Last year, 96% of the apparel purchased in the U.S. was made in other countries, up from 93% in 2001, according to Burke's group. Through June of this year, U.S. apparel imports increased 17%, with much of the clothing coming from Mexico, Central America and China.

The shrinking base of U.S. apparel factory jobs is apparent in Southern California. Clothing makers, which in 1996 employed nearly 104,000 workers in Los Angeles County, accounted for 64,000 jobs as of July.

Levi, for most of its long history, has stood apart from other apparel makers because few, if any, brands have been as linked to the American landscape. Levi's has been a symbol of a boundless American spirit since prospectors rushed into California 150 years ago and discovered not only gold but also newfangled work pants reinforced with copper rivets.

"As the miners went into the Sierra Nevada to pan for gold, Levi stood the test," said Peter Sealey, adjunct professor of marketing at UC Berkeley and former marketing head of Coca-Cola Co. "That was what created the whole image and history of the company."

The company also became synonymous with ethical business practices. In the 1950s, Levi stood apart from other factory owners when it integrated the workforce at its Virginia plant, refusing to create separate work spaces or accommodations for black employees, despite protests from the local white establishment.

When the privately held jeans maker started to manufacture some of its products overseas, it established strict anti-sweatshop guidelines with its contractors, which the company says it continues to enforce.

Closing down its remaining factories is the end of a long process for the parent of the Levi's and Dockers brands. In 1996 Levi hit an all-time record of $7.1 billion in sales and employed 37,000 employees worldwide. But since then, the company has seen its business slide.

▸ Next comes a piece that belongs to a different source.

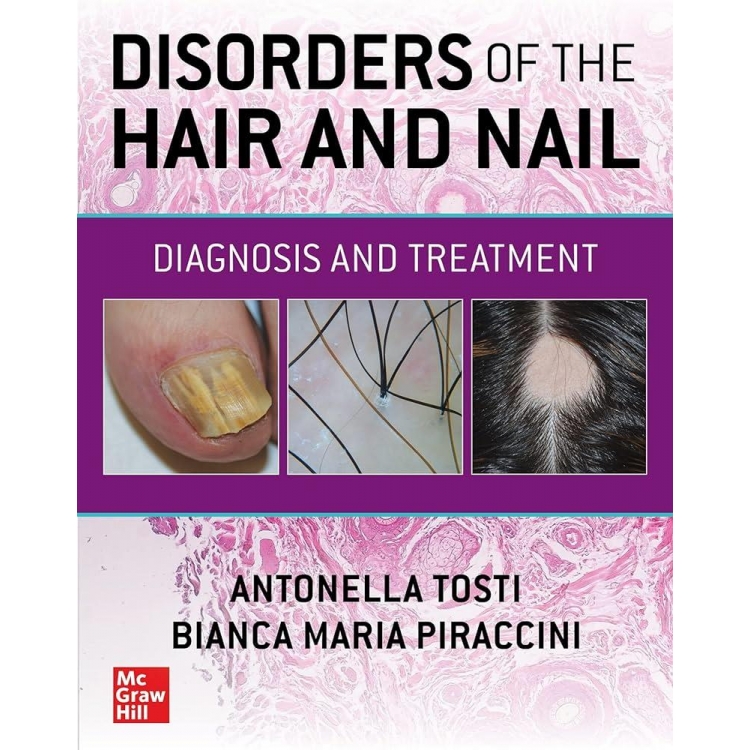 Disorders of the Hair and Nail Diagnosis and Treatment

Over the last seven years, Levi has closed dozens of plants in North America and Europe and slashed thousands of jobs as it struggled to reorganize. Just two weeks ago, the company said it was laying off 350 U.S. workers, mostly at its headquarters.

"We're in a highly competitive industry where few apparel brands own and operate manufacturing facilities in North America," Chief Executive Phil Marineau said. "In fact, we are one of the last companies to do so."

The jobs lost at Levi plants in North America are likely to shift to Latin America and Asia, the company said. Levi is simply adapting to a reality that many other U.S. apparel makers have had to face, said Burke of the apparel trade group.

"What you're seeing with Levi is just the economic reality of our industry," Burke said. "American consumers, when shopping for these products look at price and quality, and they don't necessarily look to where the product is made."

To many consumers, Levi has been a symbol of "confidence, sex, youth, rebellion, freedom, originality and authenticity," said Alex Wipperfuth, partner at Plan B, a San Francisco marketing firm.

"Those are the dimensions of Americana, according to Levi," he said. "I think the key issue is, will any of those fall away once people realize Levi is not produced in the U.S. anymore?"